Work instructions -
Identify the line with "VERTIV - Liebert"; copy word for word that line and every one after it, to the end of the listing. Exclude pictures.

[Data for analysis — start]

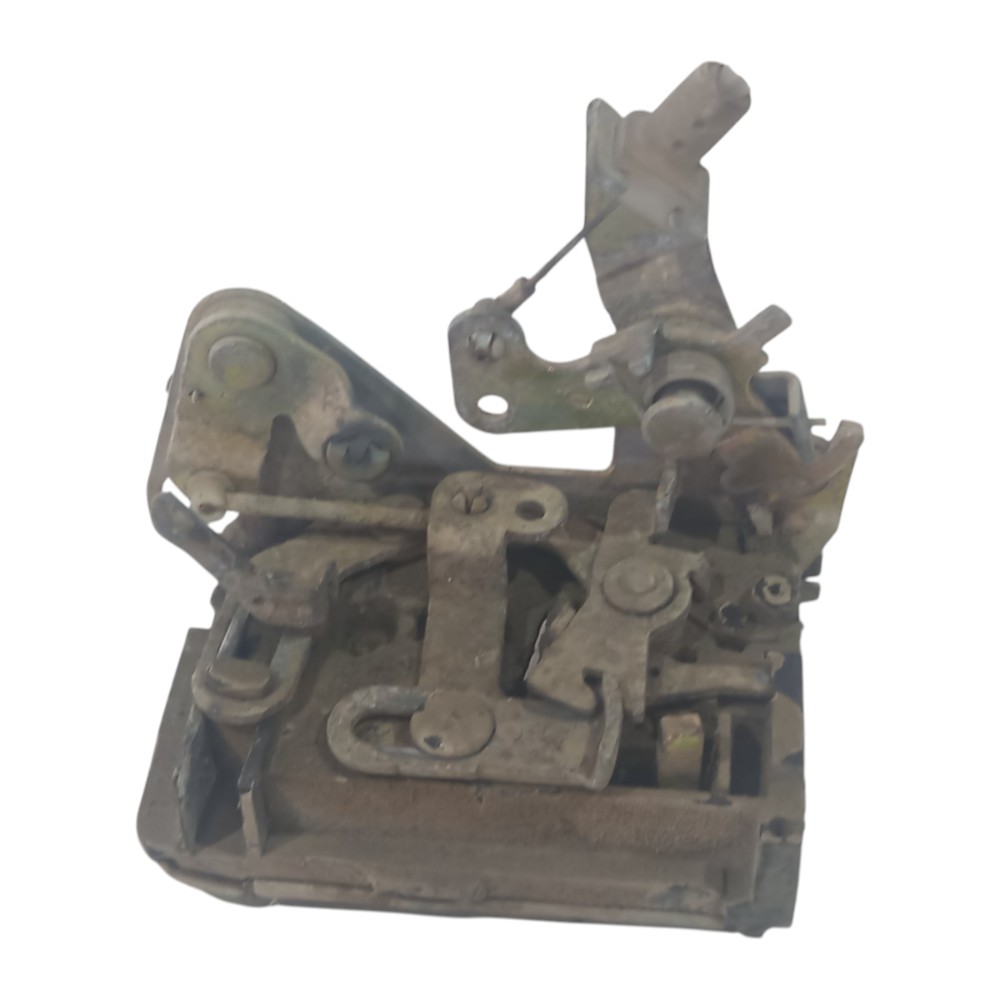 Fechadura Manual Traseiro Direito Vw Gol G3 1999 2000 A 2005 7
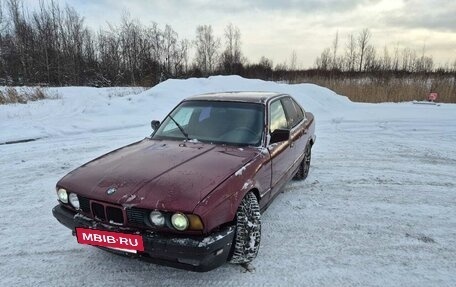 BMW 5 серия, 1991 год, 300 000 рублей, 8 фотография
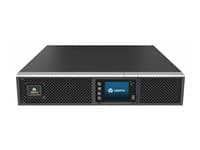 VERTIV - Liebert GXT5 GXT5-3000IRT2UXLN - UPS - 3000 Watt - 3000 VA - Lead Acid - with RDU101 network card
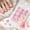 Multicolor, variant on 150 Pcs Sharp Short Square French Tip Press On Toenail Kit, Multi Color Acrylic Toe Nail Tips, Reusable re-Shaped Matte False Toe Nails for Women Nails Manicure(15 Sizes)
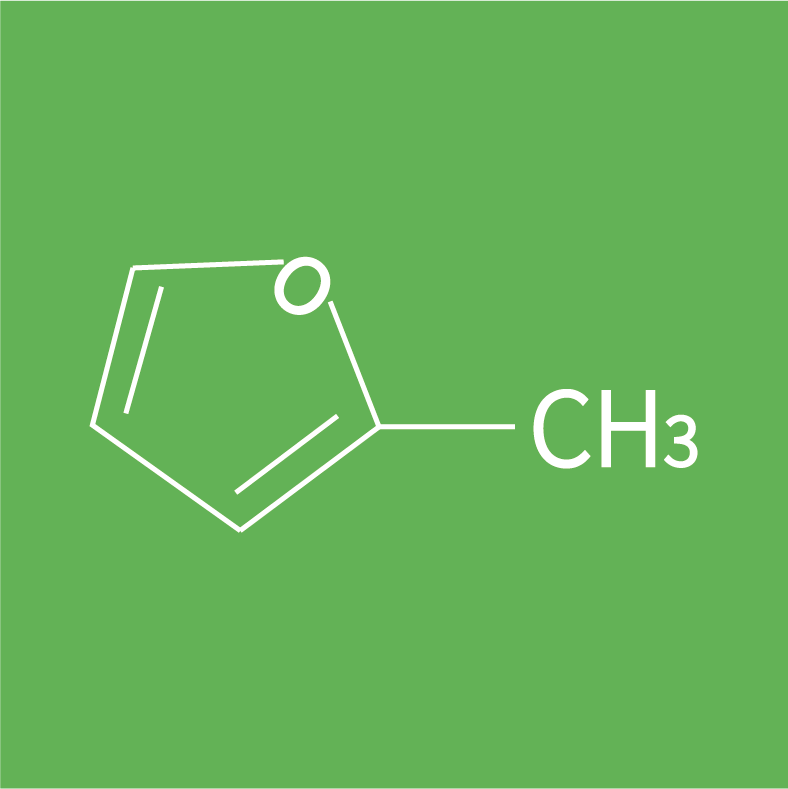 2-metylfuran til smakksamseting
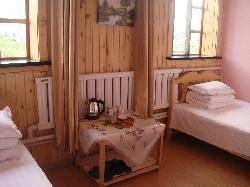 额尔古纳市酒店住宿-安娜之家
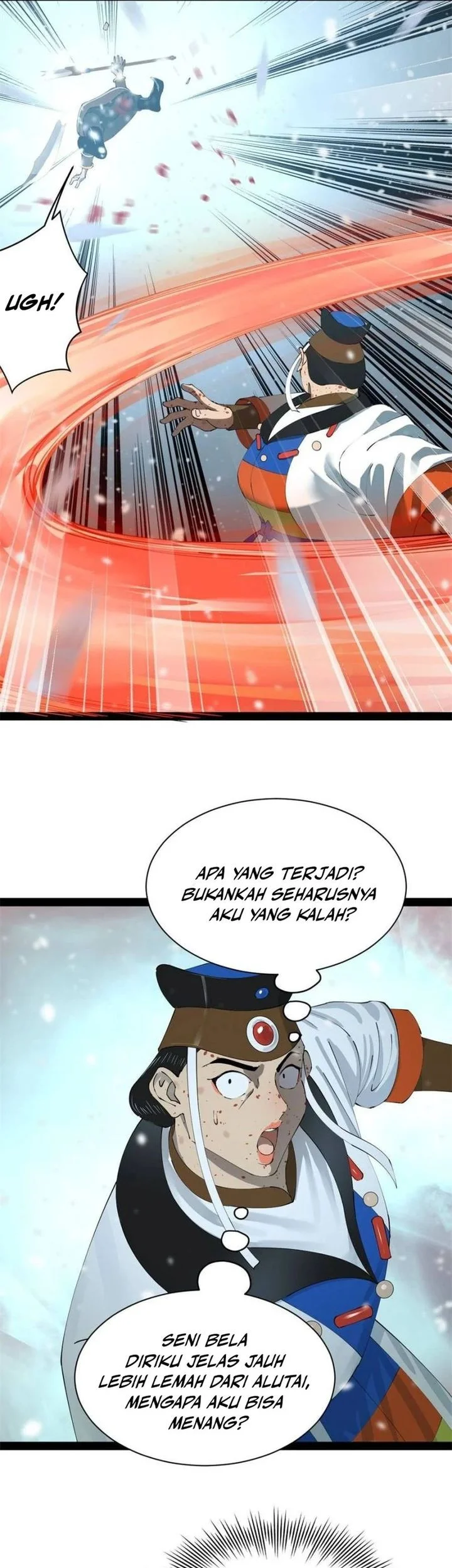 Ultimate Son-in-law Chapter 278 Gambar 35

[Data for analysis — finish]

Problem solution -
 VERTIV - Liebert GXT5 GXT5-3000IRT2UXLN - UPS - 3000 Watt - 3000 VA - Lead Acid - with RDU101 network card
 Multicolor, variant on 150 Pcs Sharp Short Square French Tip Press On Toenail Kit, Multi Color Acrylic Toe Nail Tips, Reusable re-Shaped Matte False Toe Nails for Women Nails Manicure(15 Sizes)
 2-metylfuran til smakksamseting
 额尔古纳市酒店住宿-安娜之家
 Ultimate Son-in-law Chapter 278 Gambar 35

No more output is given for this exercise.